Большинство критиков этой идеи не сомневается в том, что социализм на практике является не чем иным, как этатизмом — прямым вмешательством государства во все сферы общественной жизни. Действительно, глядя в сторону еще недавно существовавших и еще кое-где существующих «социалистических стран», легко сделать вывод, подобный тому, какой сделал Д. Белл, а именно, что социализм в этих странах взял на себя функцию, которую Маркс исторически отводил капитализму, — создания технологической базы индустриального общества, но только принудительными и репрессивными методами. «В этом смысле, — пишет Белл, — «коммунизм» является не «следующим» этапом истории, а одним из многих альтернативных способов индустриализации, а то, что создают эти режимы, суть «индустриальные» общества, но формирующиеся с помощью специфических политических, а не рыночных механизмов» [81] . От капитализма социализм отличается лишь особым типом управленческой бюрократии — не столько рациональной, сколько партийно-номенклатурной и идеологической.
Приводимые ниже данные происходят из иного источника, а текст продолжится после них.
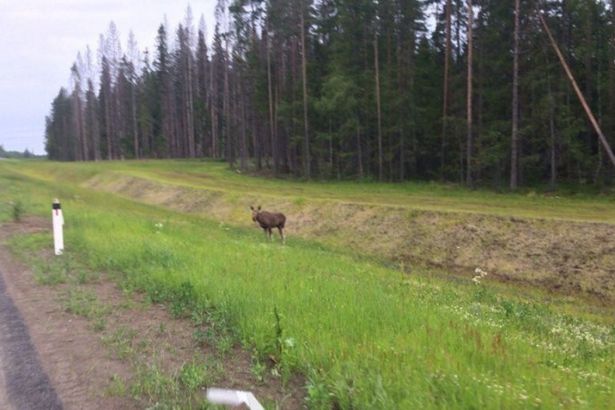 u041fu043eu0434 u0421u043eu0441u043du043eu0432u043e u0432u0441u0442u0440u0435u0442u0438u043bu0438 u043fu0430u0441u0443u0449u0435u0433u043eu0441u044f u043bu043eu0441u044f u0438 u043bu043eu0441u0435u043du043au0430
С переходом в постиндустриальное общество, которое Белл называет «обществом знания», данное различие будет все более стираться, уступая место по существу единой в своей основе социальной системе. Иными словами, социализм и капитализм — лишь две разновидности индустриального общества, за пределами которого их противостояние теряет всякий смысл. Вопрос о том, каким все-таки будет постиндустриальное и информационное общество — капиталистическим или социалистическим, похоже, для Белла не имеет существенного значения.

81

Белл Даниел. Грядущее постиндустриальное общество.
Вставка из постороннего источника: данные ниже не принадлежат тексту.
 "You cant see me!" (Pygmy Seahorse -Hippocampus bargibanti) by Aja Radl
Опыт социального прогнозирования. Пер. с англ. М., 1999.

С. 97–98.

Нельзя отрицать, что в странах, отставших в своем развитии, социализм выглядел и выглядит именно таким, каким описал его Белл и многие другие западные социологи, — излишне бюрократизированным и даже тоталитарным. Но означает ли данный факт, что в этом и состоит его общественная суть, что государственной индустриализацией общества исчерпывается его историческое предназначение? Ведь многое, о чем писал Маркс в расчете на социалистическую перспективу развития, — превращение науки в главную производительную силу, замена физического труда умственным, перенос управленческих функций с владельцев частных капиталов на директоров компаний и менеджеров, — происходит уже при капитализме, никак не меняя его экономической природы. Что же тогда остается на долю социализма, где и как он может проявить себя?